IFRS 7 requires a sensitivity analysis that shows the impact on the income statement and on items recognised directly in other comprehensive income of hypothetical changes of exchange rates in respect of non-functional currency financial assets and liabilities held across the Group. All other variables are held constant although, in practice, market rates rarely change in isolation. Financial assets and liabilities held in the functional currency of the Group’s subsidiaries, as well as non-financial assets and liabilities and translation risk, are not included in the analysis. The Group considers a 10 per cent strengthening or weakening of the functional currency against the non-functional currency of its subsidiaries as a reasonably possible change. The impact is calculated with reference to the financial asset or liability held as at the year end, unless this is unrepresentative of the position during the year.
A 10 per cent strengthening of functional currencies against non-functional currencies would result in pre-tax profit being £36 million higher (2009: £24 million lower) and items recognised directly in other comprehensive income being £273 million higher (2009: £268 million higher). A 10 per cent weakening of functional currencies against non-functional currencies would result in pre-tax profit being £44 million lower (2009: £26 million higher) and items recognised directly in other comprehensive income being £333 million lower (2009: £328 million lower).
The exchange sensitivities on items recognised directly in other comprehensive income relate to hedging of certain net asset currency positions in the Group, but does not include sensitivities in respect of exchange on non-financial assets, as well as on cash flow hedges in respect of future transactions debt.
Interest rate risk
The objectives of the Group’s interest rate risk management policy are to lessen the impact of adverse interest rate movements on the earnings, cash flow and economic value of the Group and to safeguard against any possible breach of its financial covenants. Additional objectives are to minimise the cost of hedging and the associated counterparty risk.
The Group targets an interest cover ratio, as calculated under its key central banking facilities, of greater than 5 and for 2010 it is 11.2 times (2009: 9.9 times). The only externally imposed capital requirement the Group has is in respect of its centrally managed banking facilities, which require a gross interest cover of 4.5.

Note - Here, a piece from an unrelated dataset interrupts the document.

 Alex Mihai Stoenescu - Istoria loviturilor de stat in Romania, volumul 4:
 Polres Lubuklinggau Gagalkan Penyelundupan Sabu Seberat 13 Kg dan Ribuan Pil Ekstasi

In order to manage its interest rate risk, the Group maintains both floating rate and fixed rate debt. The Group sets targets (within overall guidelines) for the desired ratio of floating to fixed rate debt on both a gross and net basis (at least 50 per cent fixed on a net basis in the short to the medium-term) as a result of regular reviews of market conditions and strategy by the Corporate Finance Committee and the board of the main central finance company. At 31 December 2010, the relevant ratios of floating to fixed rate borrowings were 33:67 (2009: 48:52) on a gross basis and 9:91 (2009: 30:70) on a net basis. Underlying borrowings are arranged on both a fixed rate and a floating rate basis and, where appropriate, the Group uses derivatives, primarily interest rate swaps, to vary the fixed and floating mix. The interest rate profile of liquid assets is taken into account in determining the net interest rate exposure.

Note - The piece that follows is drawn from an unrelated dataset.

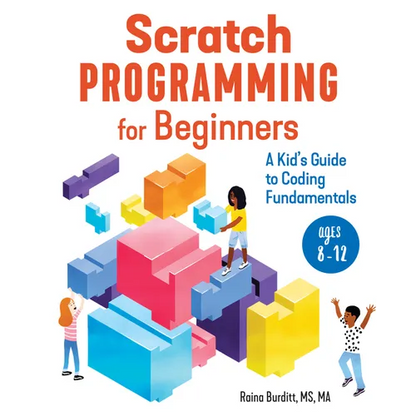 Scratch Programming for Beginners: A Kid's Guide to Coding Fundamentals - Paperback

IFRS 7 requires a sensitivity analysis that shows the impact on the income statement and on items recognised directly in other comprehensive income of hypothetical changes of interest rates in respect of financial assets and liabilities of the Group. All other variables are held constant although, in practice, market rates rarely change in isolation. For the purposes of this sensitivity analysis, financial assets and liabilities with fixed interest rates are not included. The Group considers a 100 basis point change in interest rates a reasonably possible change except where rates are less than 100 basis points. In these instances it is assumed that the interest rates increase by 100 basis points and decrease to zero for the purpose of performing the sensitivity analysis. The impact is calculated with reference to the financial asset or liability held as at the year end, unless this is unrepresentative of the position during the year.
A 100 basis point increase in interest rates would result in pre-tax profit being £12 million lower (2009: £35 million lower). A 100 basis point decrease in interest rates, or less where applicable, would result in pre-tax profit being £8 million higher (2009: £34 million higher). The effect of these interest rate changes on items recognised directly in other comprehensive income is not material in either year.
The Group has no significant concentrations of customer credit risk. Subsidiaries have policies in place requiring appropriate credit checks on potential customers before sales commence. The process for monitoring and managing credit risk once sales to customers have been made varies depending on local practice in the countries concerned.
Certain territories have bank guarantees, other guarantees and credit insurance provided in the Group’s favour in respect of Group trade receivables, the issuance and terms of which are dependent on local practices in the countries concerned.
All derivatives are subject to ISDA agreements or equivalent documentation.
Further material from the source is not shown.